TASK DESCRIPTION
Only some lines are wanted: please transcribe exactly those from the one containing "Multi-function tech tool pen" through the end of the data, pictures excluded.

DATA LISTING
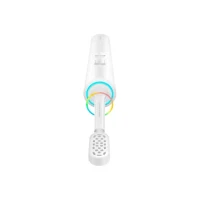 Periuță de dinți electrică Xiaomi T501, Alb 3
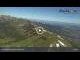Webcam in Erlenbach im Simmental, 0.1 mi away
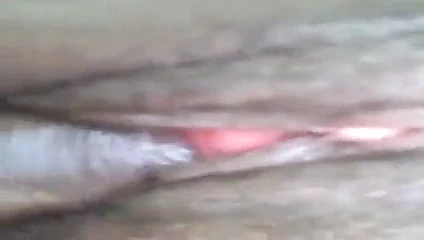 Zamanında yakaladığım komik an! !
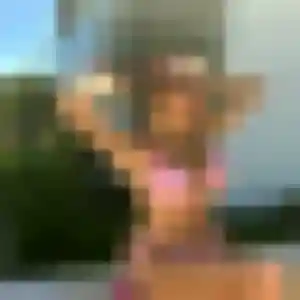 Marie-Jose, fille de 35 ans cherche plan cul à Bordeaux-Saint-Clair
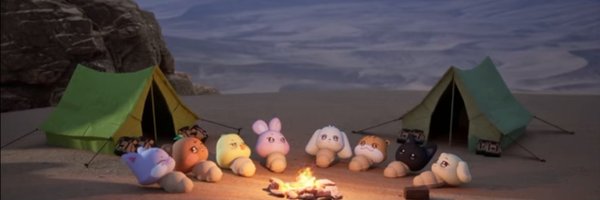 seolly__U Profile Banner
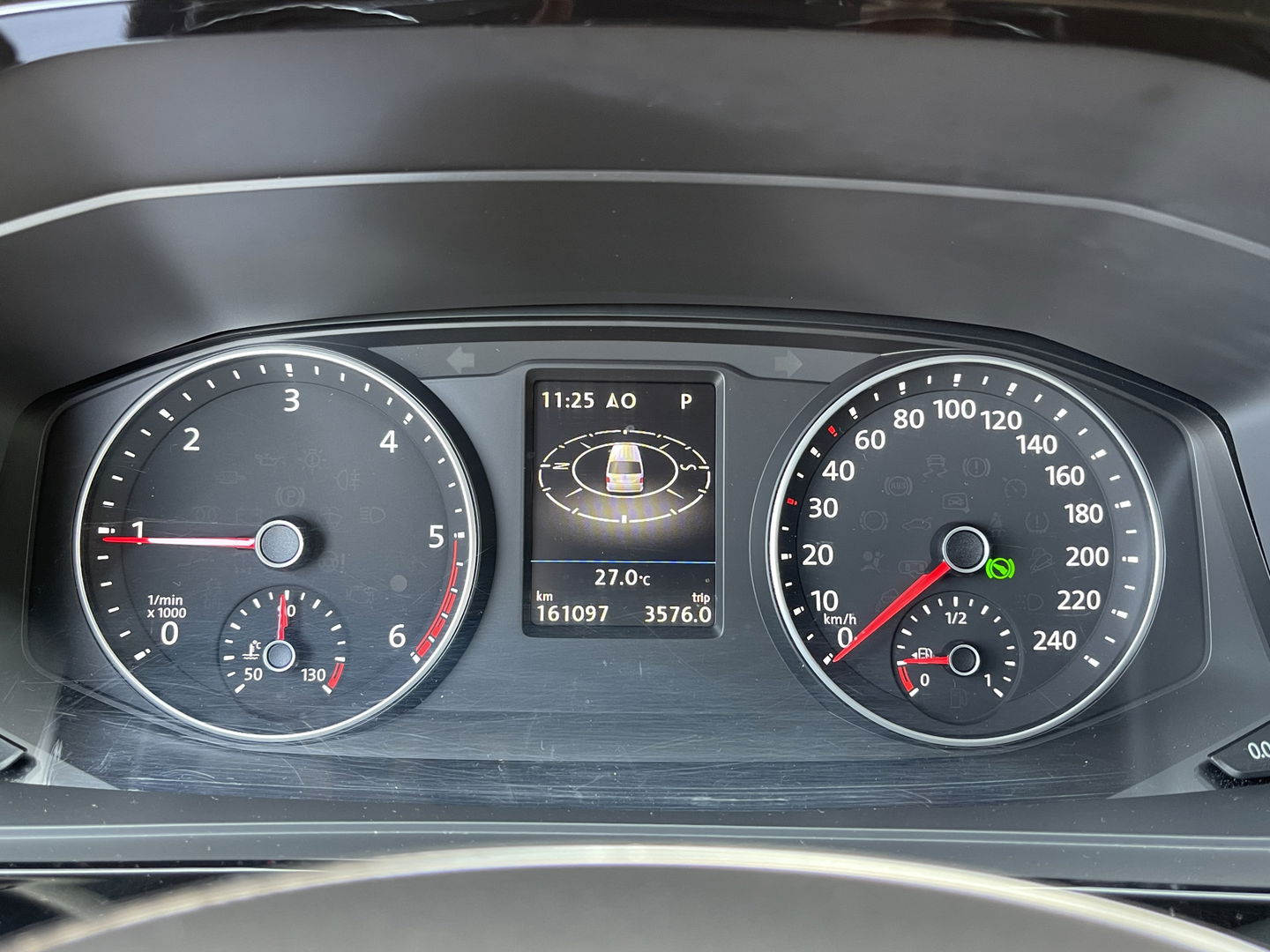 Volkswagen Transporter Multivan 2.0 TDI L1H1 4Motion Highline | 7 Persoons | Elektrische Schuifdeuren | Achteruitrijcamera | Adaptieve Cruise Control | Dodehoek Detector | Dynaudio | Apple Carplay/Android Auto | Stoelverwarming |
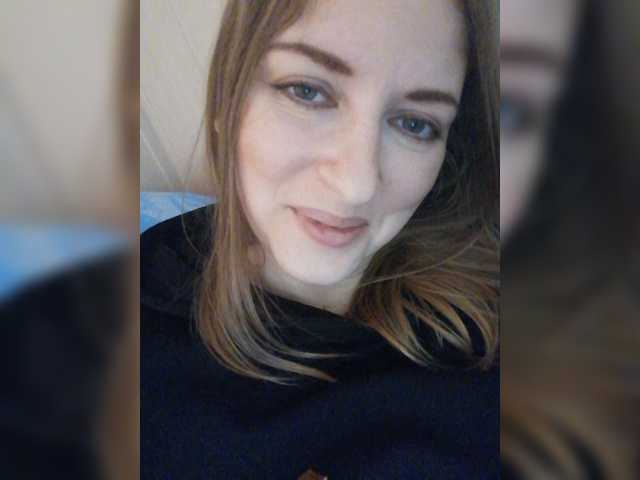 Oddajajo posnetke zaslona Viktoria-play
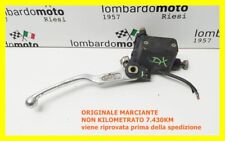 Pompa Freno Brembo Moto Guzzi usato in Italia | vedi tutte i 10 prezzi!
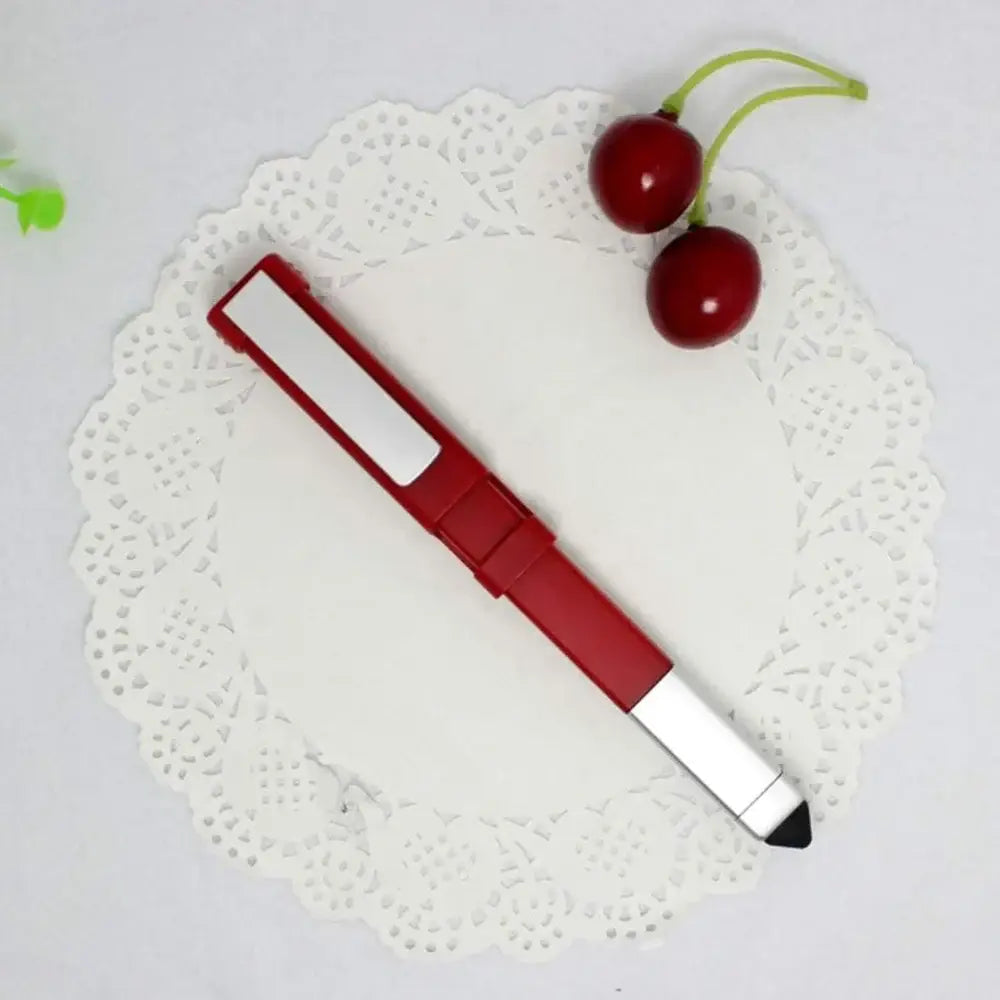 Multi-function tech tool pen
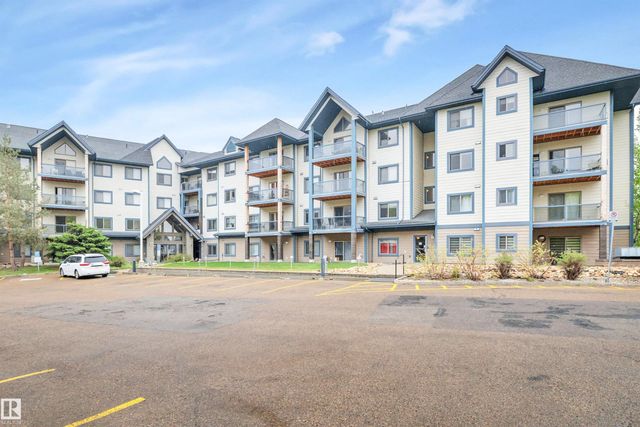134 2903 Rabbit Hill Road Nw, Edmonton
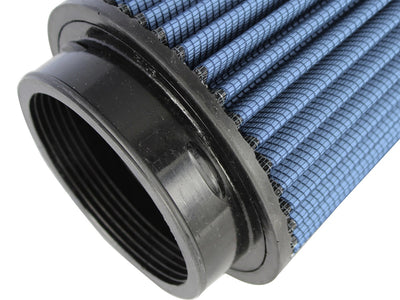 Magnum FORCE Intake Replacement Filter <br> Universal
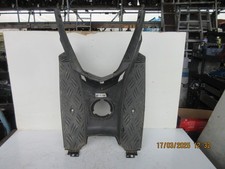 PEUGEOT SPEEDFIGHT 4 125 2020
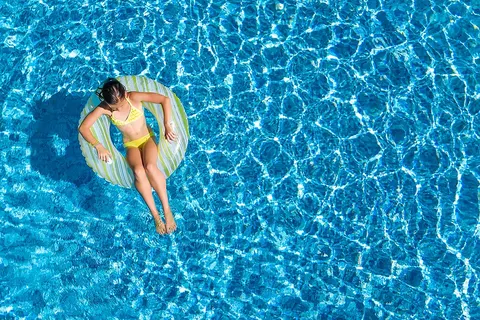 Camping Les Ajoncs D Or foto 18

ANSWER
 Multi-function tech tool pen
134 2903 Rabbit Hill Road Nw, Edmonton
 Magnum FORCE Intake Replacement Filter <br> Universal
 PEUGEOT SPEEDFIGHT 4 125 2020
 Camping Les Ajoncs D Or foto 18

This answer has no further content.